* _Data entries_:
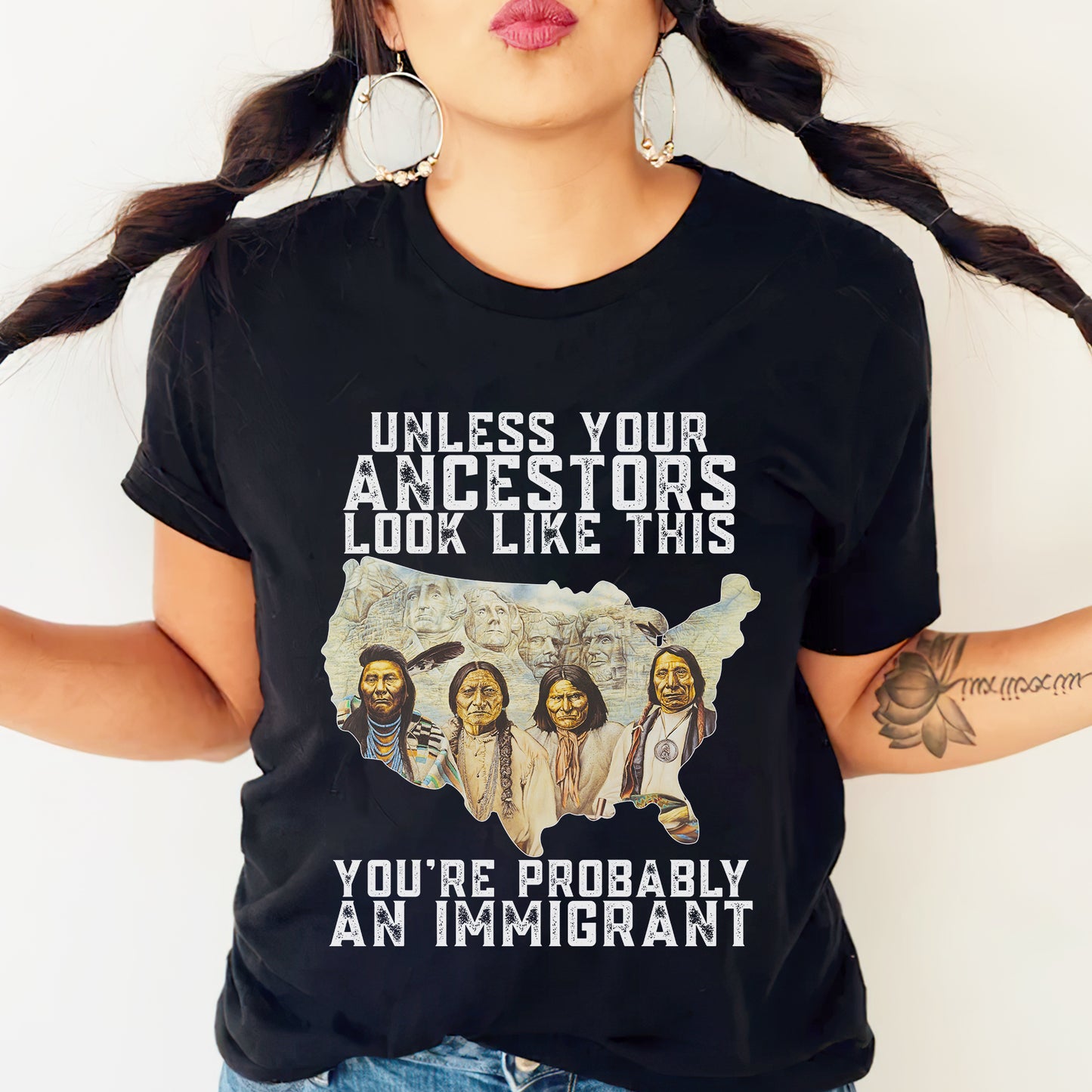 Unless Your Ancestors Look Like This. You're Probably An Immigrant Four Chief - Unisex T-Shirt/T-Shirt V-Neck/Hoodie/Sweatshirt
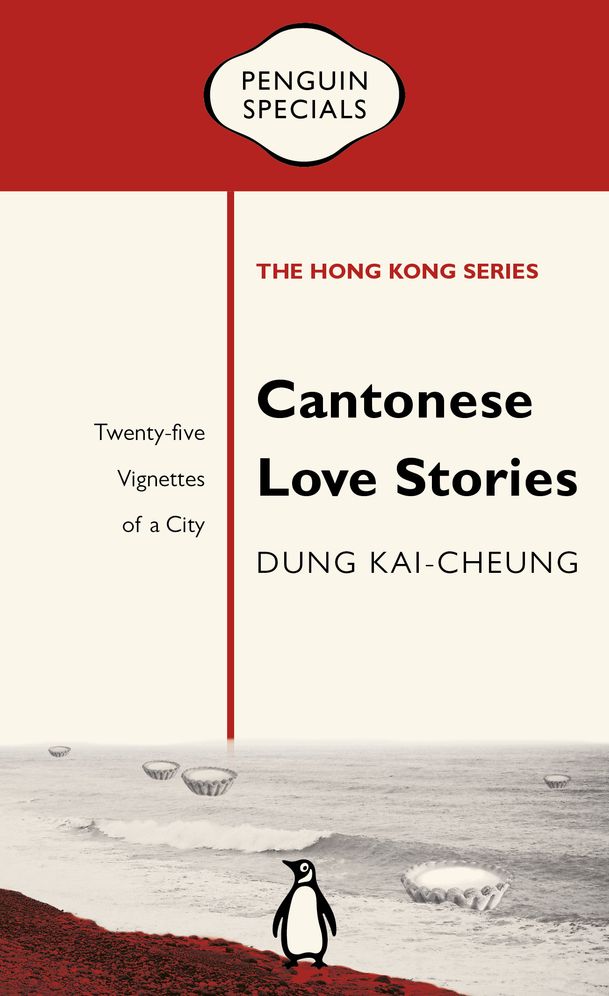 Cantonese Love Stories: Twenty-Five Vignettes of a City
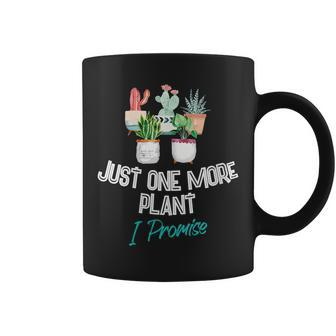 Just One More Plant I Promise Houseplant Appreciation Day Gift For Womens Gift For Women Coffee Mug - Thegiftio UK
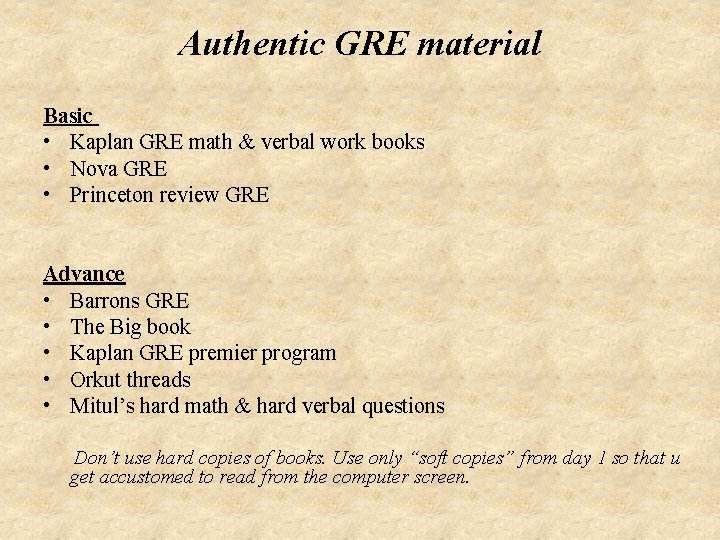 Authentic GRE material Basic • Kaplan GRE math & verbal work books • Nova Authentic GRE material Basic • Kaplan GRE math & verbal work books • Nova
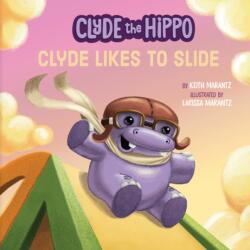 Clyde Likes to Slide (ISBN: 9780593094488)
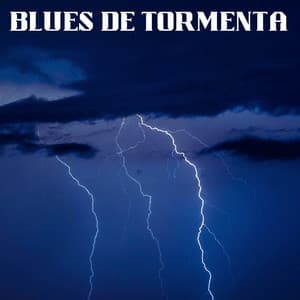 Blues De Tormenta - Ambiente de Tormenta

* _Exercise aim_:
Word for word, repeat all of the entries above, leaving out the pictures.

* _Solution for this problem_:
 Unless Your Ancestors Look Like This. You're Probably An Immigrant Four Chief - Unisex T-Shirt/T-Shirt V-Neck/Hoodie/Sweatshirt
 Cantonese Love Stories: Twenty-Five Vignettes of a City
 Just One More Plant I Promise Houseplant Appreciation Day Gift For Womens Gift For Women Coffee Mug - Thegiftio UK
 Authentic GRE material Basic • Kaplan GRE math & verbal work books • Nova Authentic GRE material Basic • Kaplan GRE math & verbal work books • Nova
 Clyde Likes to Slide (ISBN: 9780593094488)
 Blues De Tormenta - Ambiente de Tormenta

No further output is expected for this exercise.